Atau lebih tepatnya, dalam pertarungan dengan Gu Chen, dia mungkin tidak akan bisa keluar tanpa luka.

Para penonton tercengang dan terguncang. Benarkah Gu Chen begitu kuat sehingga bahkan seorang ahli Gang Qi tingkat dalam pun akan takut dan berusaha mundur?

Hu Wanyuan tahu bahwa dengan mengatakan itu, dia akan menodai reputasinya sendiri sebagai pendekar Gang Qi sejati, tetapi itu lebih baik daripada kalah dari Gu Chen dan direduksi menjadi batu loncatan.

Mengenai apa yang akan dikatakannya saat kembali, dia sudah memikirkannya matang-matang. Jika dia tidak bisa mengalahkan Gu Chen, lalu apa yang bisa dikatakan Tian Dao Yang Ling ketika Gu Chen menebas Mo Zilin dan Yang Mingyue tepat di depannya?

Bukan berarti dia gagal melindungi mereka; melainkan, Gu Chen memang terlalu kuat.

Menyalahkan segala sesuatu pada Gu Chen dan mengalihkan target Tian Dao Yang Ling adalah strategi Hu Wanyuan untuk menyelamatkan diri.

Namun, sementara Hu Wanyuan ingin pergi, Gu Chen tidak setuju. Dengan wajah tanpa ekspresi dan nada acuh tak acuh, dia berkata, “Kau bertarung kapan pun kau mau dan pergi kapan pun kau suka. Kau pikir aku, Gu Chen, siapa?

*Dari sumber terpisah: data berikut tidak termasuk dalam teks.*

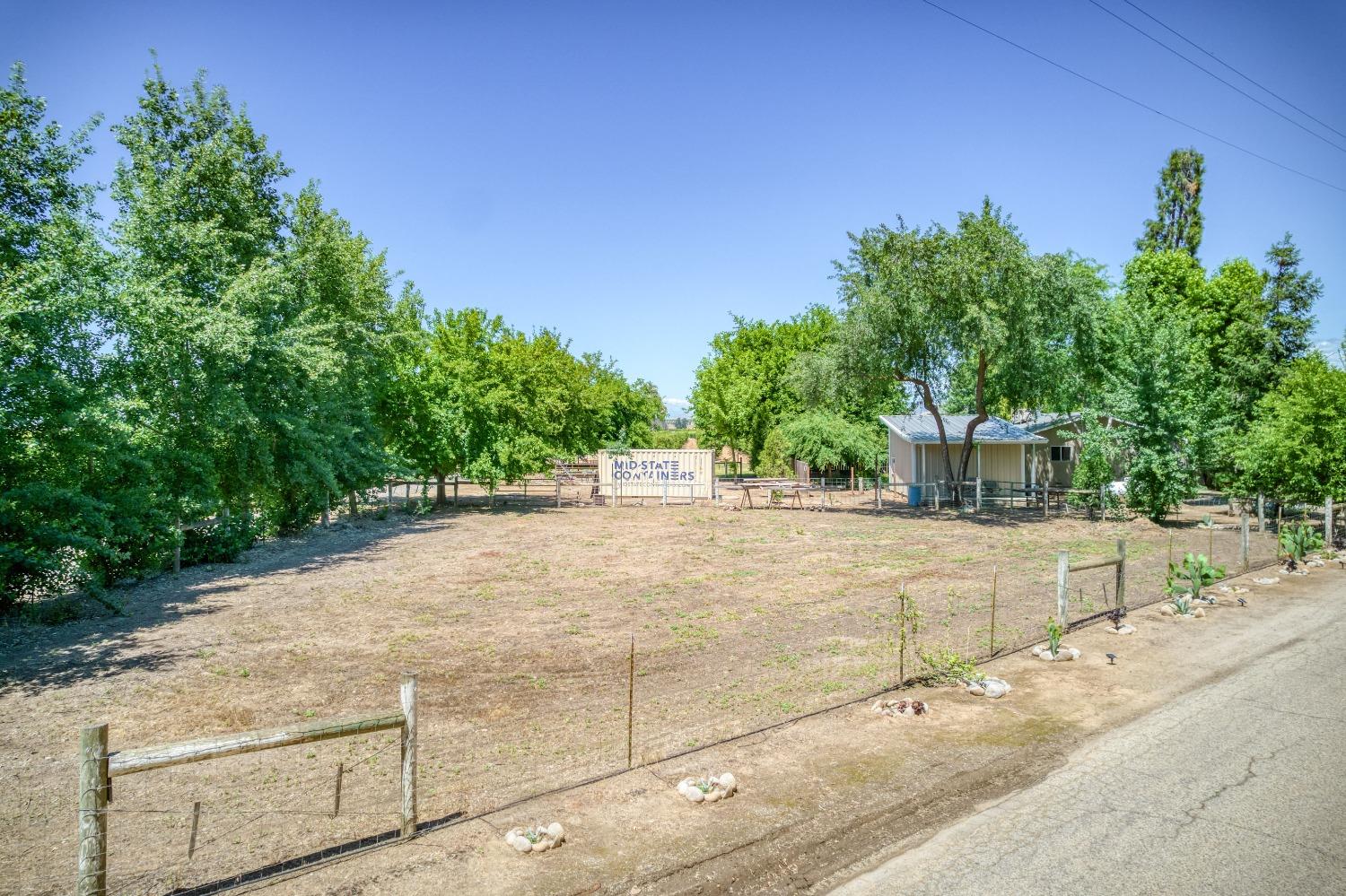 16962 East Trimmer Springs Road Sanger, CA 93657 - Photo 48 of 49 Gallery Image 48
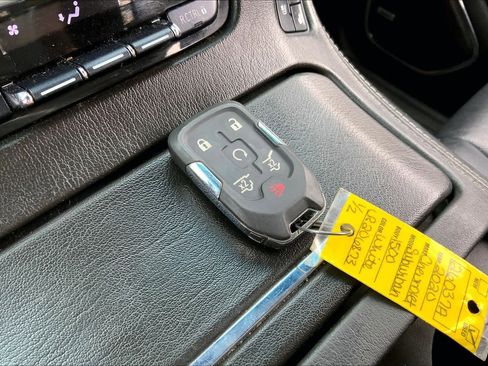 Used 2020 Chevrolet Suburban Premier image 15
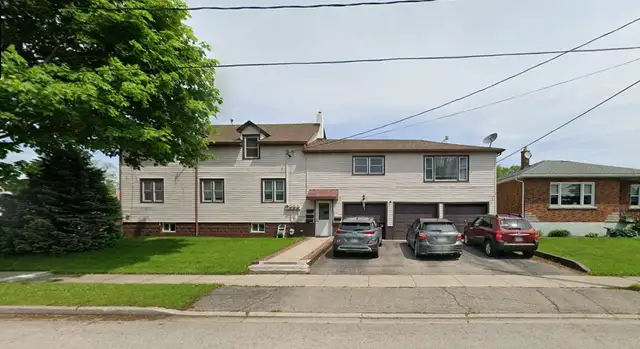 PORT COLBORNE – Large & Quiet 2 Bedroom, upper - Photo 10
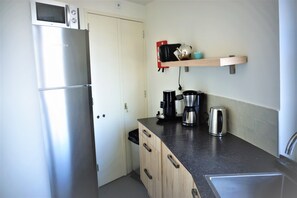 Kjøleskap, mikrobølgeovn, ovn og oppvaskmaskin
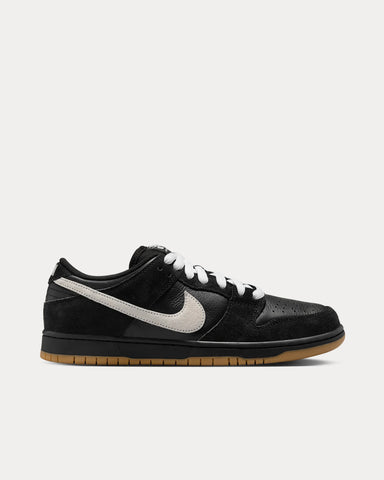 Nike SB Dunk Low Pro Black / White Low Top Sneakers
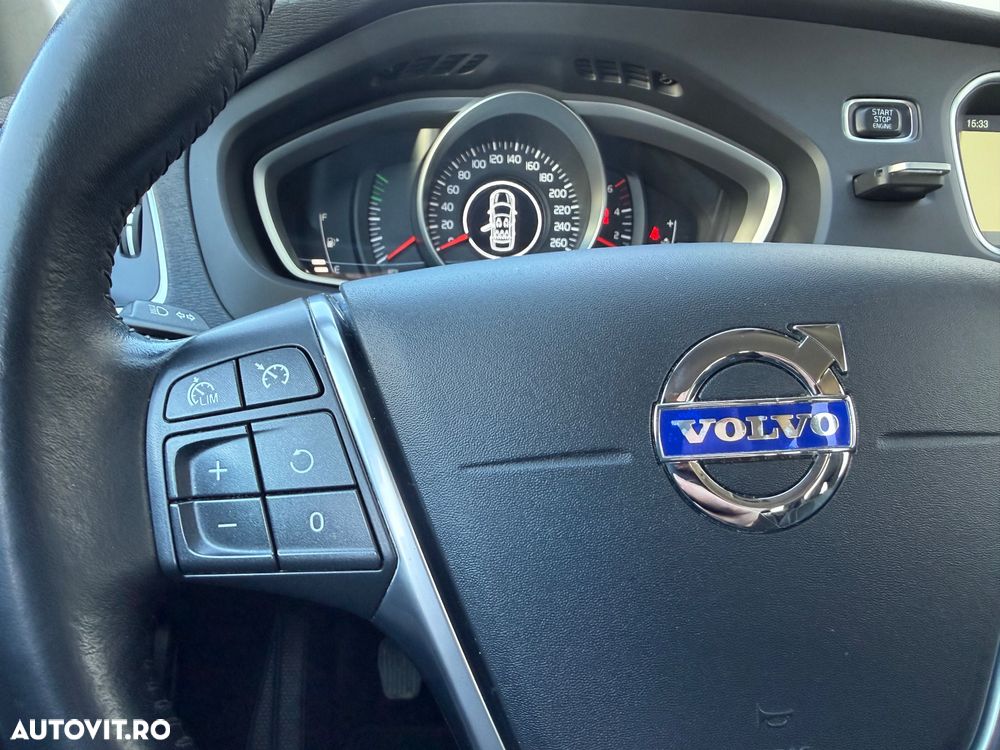 Volvo V40 D2 Summum - 8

Aku tidak perlu menunjukkan rasa hormat kepada Departemen Jing Tian!”

Mendengar itu, Hu Wanyuan menjadi sangat marah dan berseru, “Anak kurang ajar, benar-benar gegabah!”

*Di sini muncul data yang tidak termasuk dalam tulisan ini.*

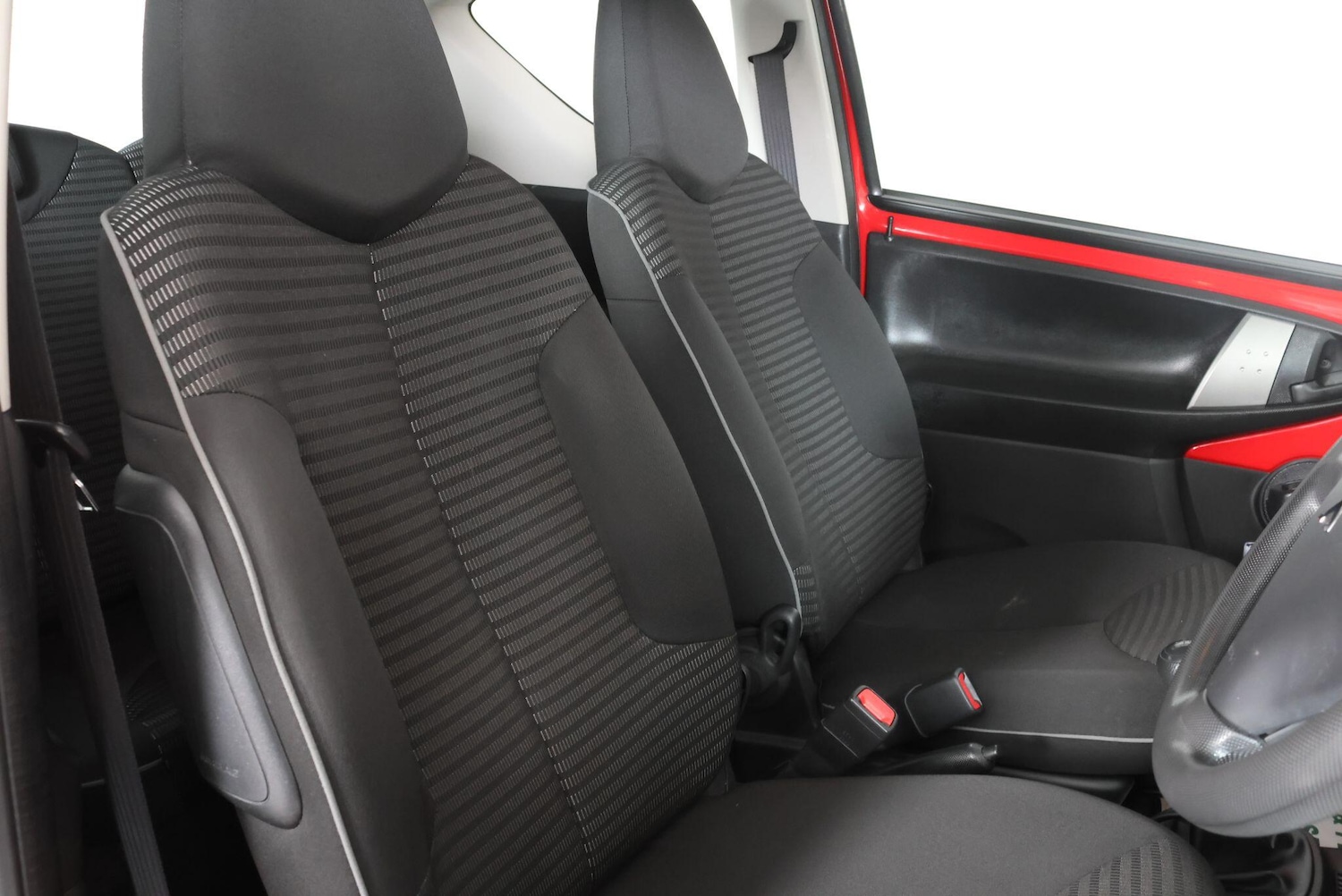 Used Peugeot 107 for sale - 77646610: Photo 36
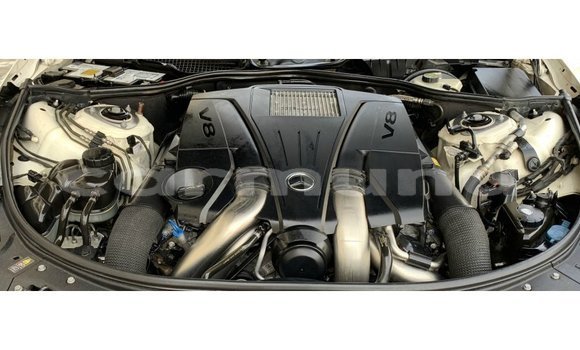 Acheter Import Voiture Mercedes-Benz 190 Blanc à Import - Dubai, Région de la Bouenza Acheter Import Voiture Mercedes-Benz 190 Blanc à Import - Dubai, Région de la Bouenza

Sambil gemetar karena marah, dia melanjutkan, “Aku bermaksud menyelamatkan nyawamu, tetapi kau terlalu bodoh untuk menghargainya. Baiklah…”

“Cukup bicara!”

Gu Chen, yang lelah dengan ocehan Hu Wanyuan yang tak henti-hentinya dan tak mau mendengarkan lagi, tidak menunggu Hu Wanyuan selesai berbicara dan langsung menyerang.

Dia menekan kesepuluh jarinya ke dalam kehampaan, dan satu demi satu, pancaran energi pedang muncul di udara, menusuk ke arah Hu Wanyuan.

Melihat itu, ekspresi Hu Wanyuan berubah. Dia kemudian berteriak, “Gu Chen, meskipun kultivasimu luar biasa, aku tetaplah seorang pendekar tingkat Gang Qi. Berapa kali kau bisa melancarkan serangan seperti tadi?!”

“Silakan coba!”

Begitu Gu Chen selesai berbicara, tak terhitung banyaknya qi pedang yang padat dan tajam telah tiba di dekat Hu Wanyuan.

“Karena kau menolak untuk berpikir jernih, maka akan kutunjukkan kekuatan sejati seorang pendekar Tingkat Gang Qi!”

Hu Wanyuan berteriak saat Gangqi mengalir melalui meridiannya. Meraih pinggangnya, dia mengeluarkan pedang berharga, lapisan tipis Gangqi pedang menumpuk di bilah pedang. Menghadapi qi pedang itu, dia menyerang dengan kuat.

Desir!

Kilatan cahaya terang dari pedang tiba-tiba muncul, dan banyak prajurit mengerang, darah menyembur dari sudut mata mereka saat mereka memegangi wajah mereka dan menjerit kesakitan.